Image-text web data:
────────────────────────────────────────

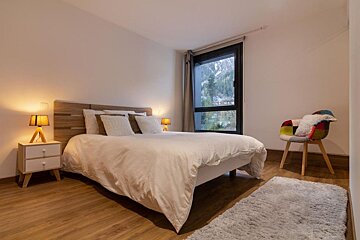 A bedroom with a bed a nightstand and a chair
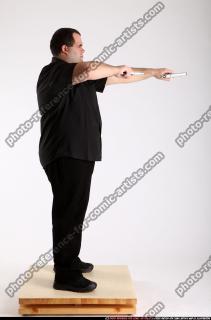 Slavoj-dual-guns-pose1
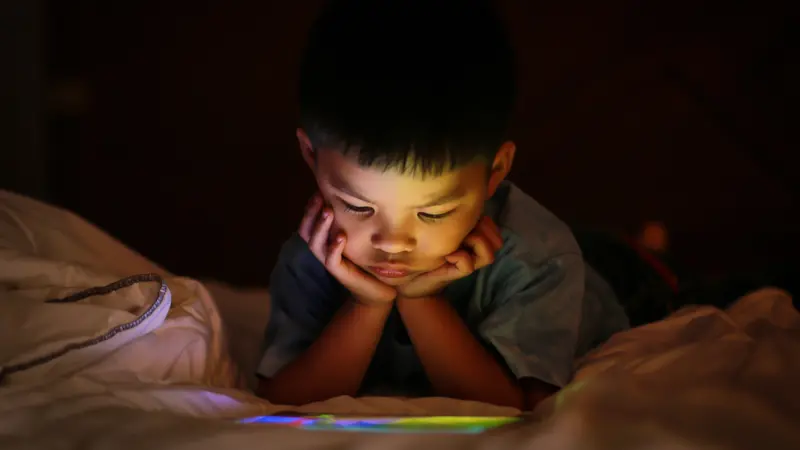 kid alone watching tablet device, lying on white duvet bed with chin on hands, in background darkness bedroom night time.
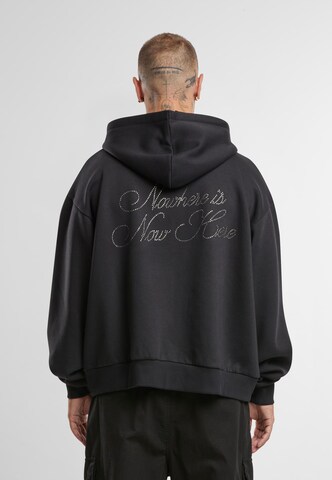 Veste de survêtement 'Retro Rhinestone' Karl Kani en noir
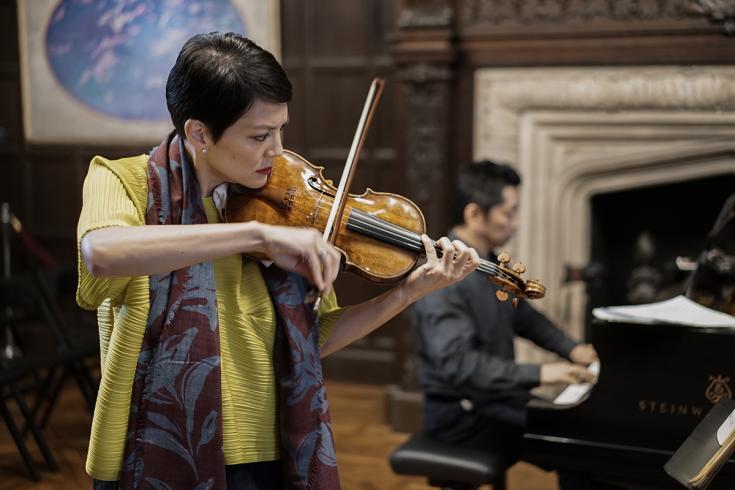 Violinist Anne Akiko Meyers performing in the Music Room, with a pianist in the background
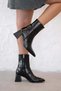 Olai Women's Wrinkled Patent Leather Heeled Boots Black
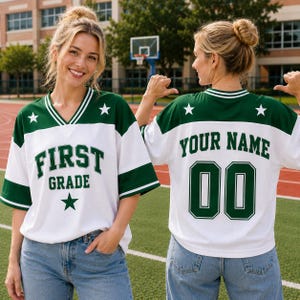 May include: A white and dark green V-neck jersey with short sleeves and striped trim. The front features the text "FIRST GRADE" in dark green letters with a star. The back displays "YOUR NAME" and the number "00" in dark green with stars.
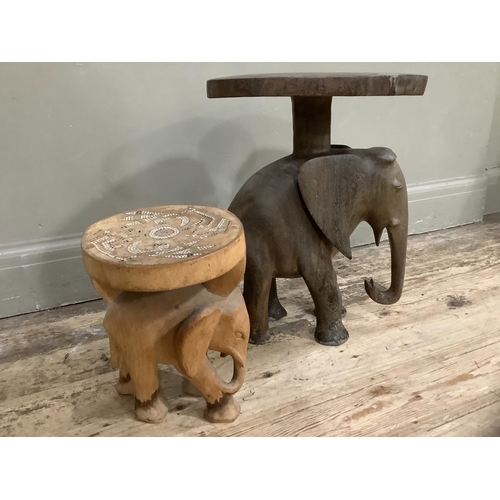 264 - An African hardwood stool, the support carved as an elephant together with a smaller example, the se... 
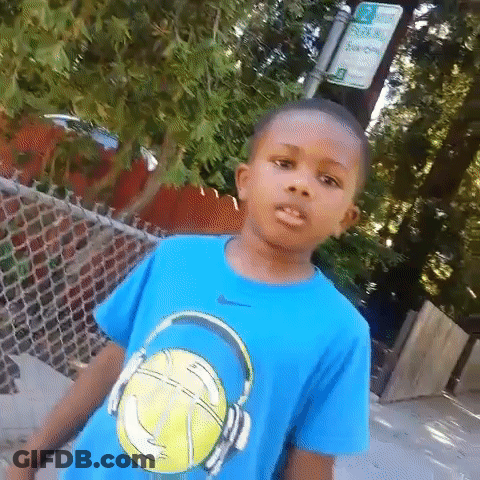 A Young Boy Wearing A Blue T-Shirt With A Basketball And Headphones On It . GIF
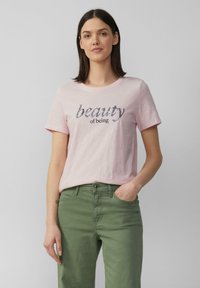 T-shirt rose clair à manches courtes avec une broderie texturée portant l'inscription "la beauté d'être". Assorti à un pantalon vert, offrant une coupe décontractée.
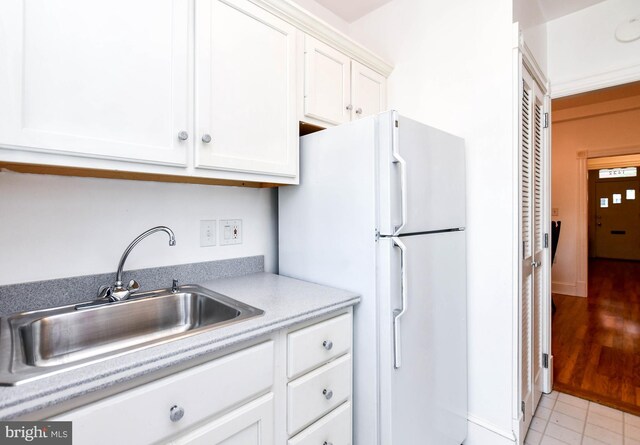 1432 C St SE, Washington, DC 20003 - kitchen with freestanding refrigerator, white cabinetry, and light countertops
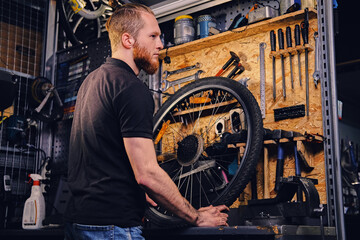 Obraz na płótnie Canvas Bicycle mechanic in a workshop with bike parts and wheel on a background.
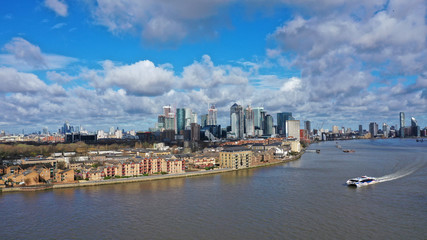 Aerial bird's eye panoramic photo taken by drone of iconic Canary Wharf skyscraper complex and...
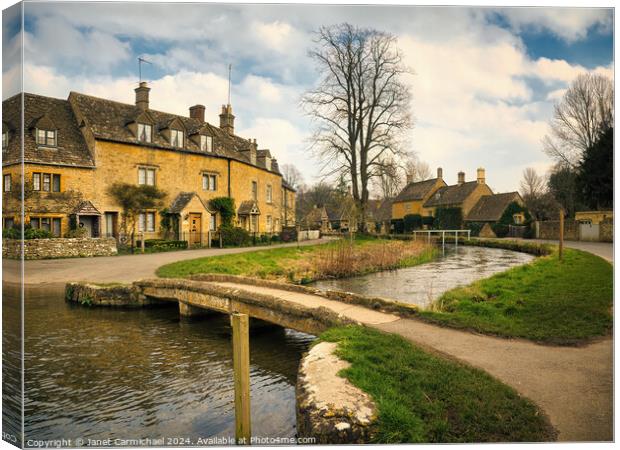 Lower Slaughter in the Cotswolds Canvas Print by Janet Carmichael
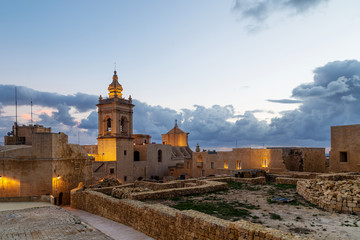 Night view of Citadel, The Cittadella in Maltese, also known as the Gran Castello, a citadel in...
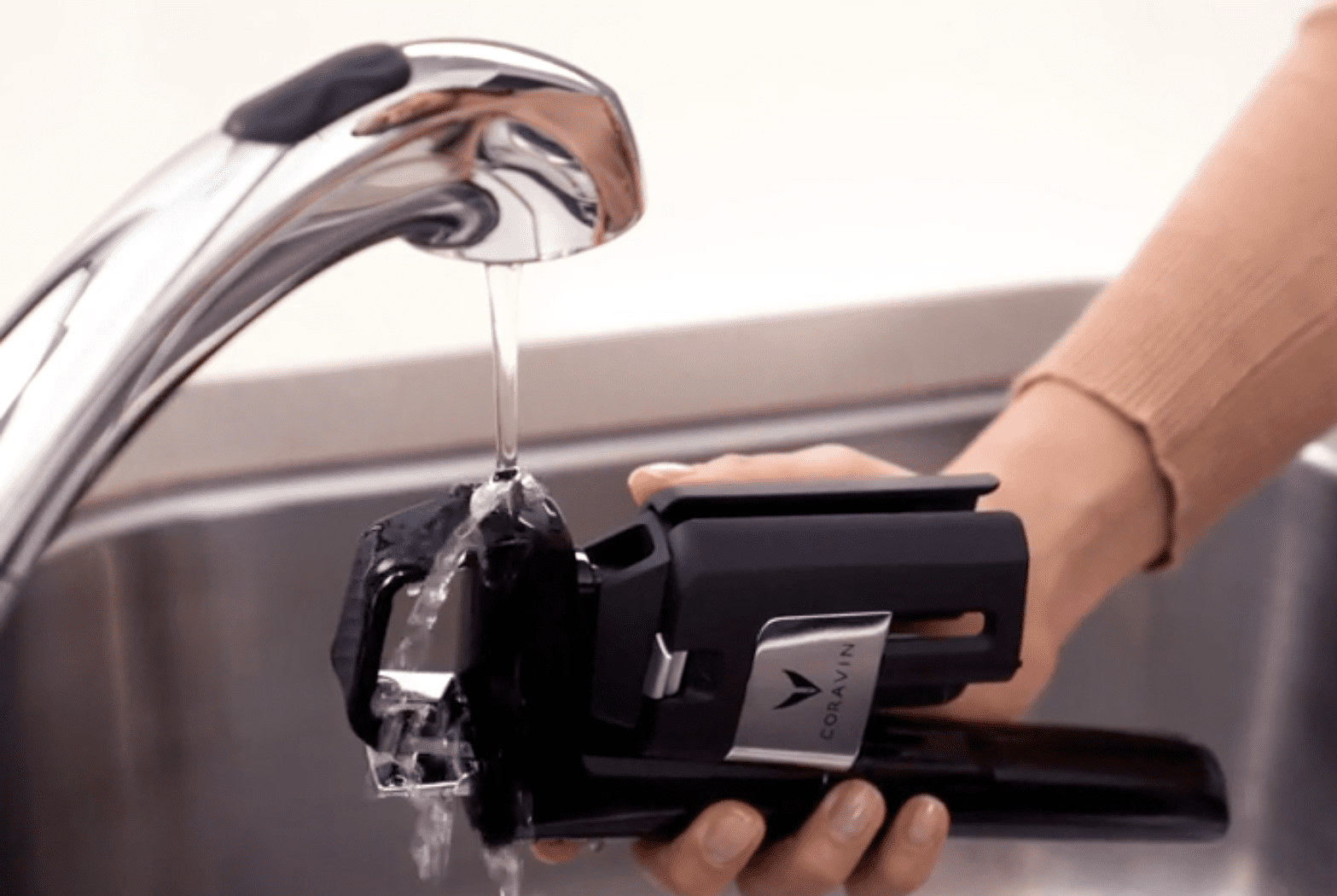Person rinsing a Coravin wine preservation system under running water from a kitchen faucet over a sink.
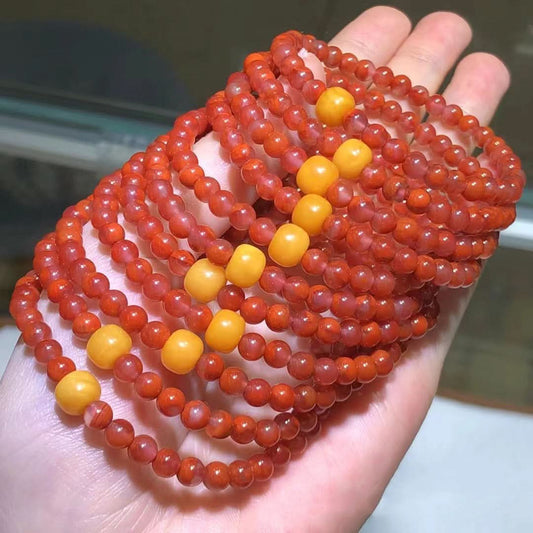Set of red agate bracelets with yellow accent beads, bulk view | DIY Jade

────────────────────────────────────────

### What you should do
Wherever an image appears, omit it; copy the rest of the records exactly.

### Solution for this task
 A bedroom with a bed a nightstand and a chair
 Slavoj-dual-guns-pose1
 kid alone watching tablet device, lying on white duvet bed with chin on hands, in background darkness bedroom night time.
 Veste de survêtement 'Retro Rhinestone' Karl Kani en noir
 Violinist Anne Akiko Meyers performing in the Music Room, with a pianist in the background
 Olai Women's Wrinkled Patent Leather Heeled Boots Black
 May include: A white and dark green V-neck jersey with short sleeves and striped trim. The front features the text "FIRST GRADE" in dark green letters with a star. The back displays "YOUR NAME" and the number "00" in dark green with stars.
 264 - An African hardwood stool, the support carved as an elephant together with a smaller example, the se... 
 A Young Boy Wearing A Blue T-Shirt With A Basketball And Headphones On It . GIF
 T-shirt rose clair à manches courtes avec une broderie texturée portant l'inscription "la beauté d'être". Assorti à un pantalon vert, offrant une coupe décontractée.
 1432 C St SE, Washington, DC 20003 - kitchen with freestanding refrigerator, white cabinetry, and light countertops
 Obraz na płótnie Canvas Bicycle mechanic in a workshop with bike parts and wheel on a background.
 Aerial bird's eye panoramic photo taken by drone of iconic Canary Wharf skyscraper complex and...
 Lower Slaughter in the Cotswolds Canvas Print by Janet Carmichael
 Night view of Citadel, The Cittadella in Maltese, also known as the Gran Castello, a citadel in...
Person rinsing a Coravin wine preservation system under running water from a kitchen faucet over a sink.
Set of red agate bracelets with yellow accent beads, bulk view | DIY Jade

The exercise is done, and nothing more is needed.